The Dark Side of Engineering:

It’s Efficiency

 

As engineer I know too well how much we are tempted by the blank paper of a new project. After all we are “innovators” and tend to prefer effectiveness over efficiency.

 

Dear Fellow Innovator,

We shall admit our sins. We love to innovate. We love it so much that sometime we forget to assure that our ideas are not only effective, but also that they are created in an efficient way.

If we narrow down our attention to the “creative section” of our companies:

“the Engineering”, we may discover that “Efficiency” is not one of the top priorities.

No wonder: a massive curtain of “math’s and jargons” assures any Engineering Office a shelter against a simple request of “productivity” that would be considered minimal and mandatory in a manufacturing or sourcing environment.

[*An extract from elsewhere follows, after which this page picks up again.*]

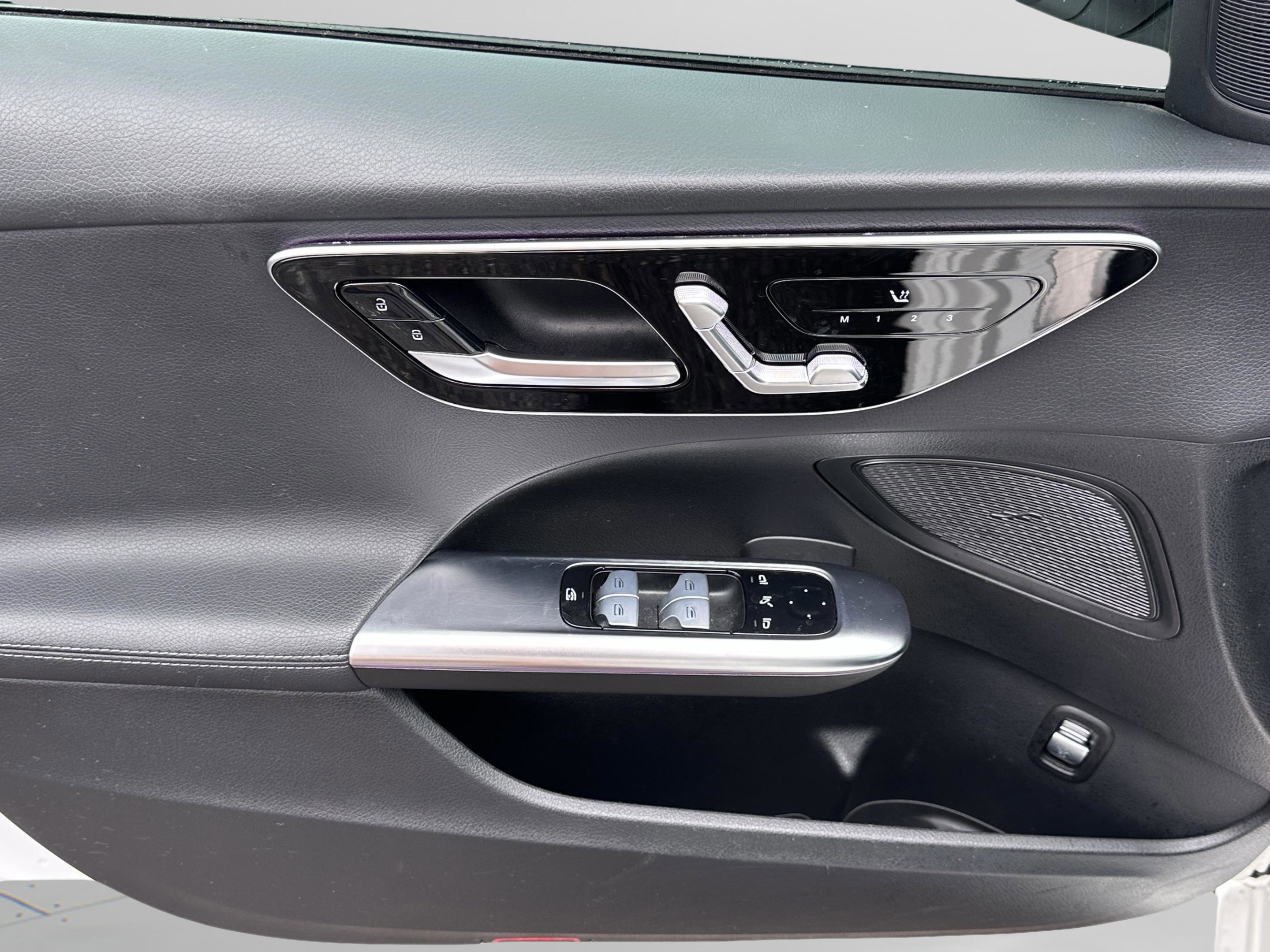 Used 2023 Mercedes-Benz C 300 Sedan image 39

The strange thing here, is that focusing a bit of attention on “Engineering Efficiency” would generate immediate and tangible results in at least 3 key business KPI:

1) Time to market: a more efficient engineering process can shrink delivery time

2) Cost of Quality: a more efficient engineering process can systematically detect and correct “random errors”.

3) Business Risks: a more efficient engineering process can assure greater precision in budgeting and multiply the possible solutions of the offering.

 

But how to inject Efficiency into Engineering?

Here I want to propose a very high level framework that can help isolate

4 different  “Engineering Efficiency Drivers”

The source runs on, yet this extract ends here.